In an internal email first obtained by SpaceExplored, Musk said SpaceX faces bankruptcy if the company cannot “achieve a Starship flight rate of at least once every two weeks next year.”

“Unfortunately, the production crisis at Raptor is much worse than it appeared a few weeks ago. As we dug into the issues after the departure of previous senior management, they unfortunately turned out to be much more serious than what was first realized. had been reported. There’s no way to sugarcoat that,” Musk wrote in the email, which was sent the day after Thanksgiving. “Unless you have critical family issues or are physically unable to return to Hawthorne, we will need everyone on deck to recover from what is, frankly, a disaster.”

The news comes just over a week after two high-level SpaceX employees, including one who was cut from Raptor engine development, resigned from the company, CNBC reported.

SpaceX’s Starship, which is being developed in Boca Chica, Texas, is the largest rocket in the world and is meant to be fully reusable for multiple launches. Musk recently told the National Academy of Sciences that he would launch a first test with the rocket and its booster, the Super Heavy, in January or February next year.

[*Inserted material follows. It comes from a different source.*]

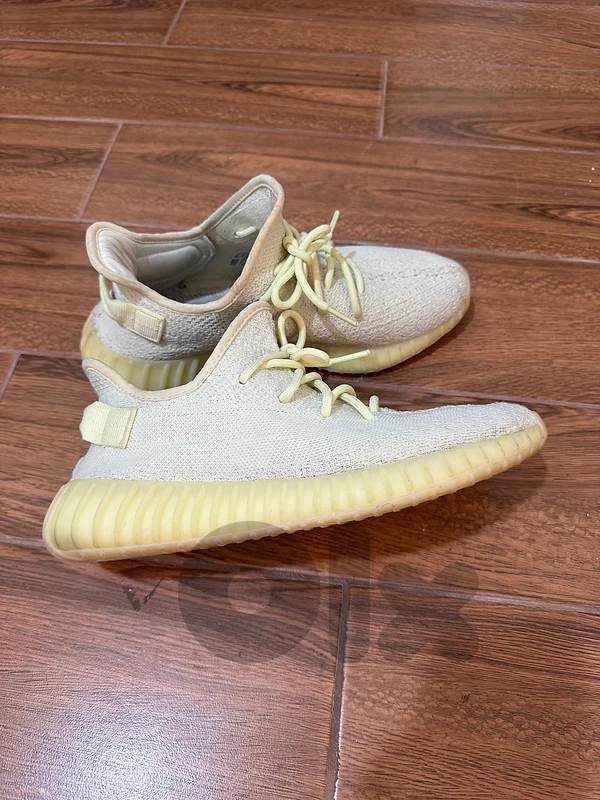 Adidas Yeezy 350 Butter size 43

Musk doesn’t expect Starship to survive its first test flight early next year, but he’s confident SpaceX will pull it off in 2022.

Starship is then intended to take astronauts to the moon in 2023 part of a nearly $3 billion contract between NASA and SpaceX.

Musk shared plans to revolutionize space travel with Starship and similarly designed rockets. The rocket will one day take humans beyond the moon to other planets, the CEO said, and launch its next generation of Starlink satellites.

But development of the crucial Raptor engines, which are powered by burning methane and oxygen, is lagging behind, according to SpaceExplored, and Musk’s emails suggest the delay could have bigger implications for his plans for Starship and SpaceX as a whole.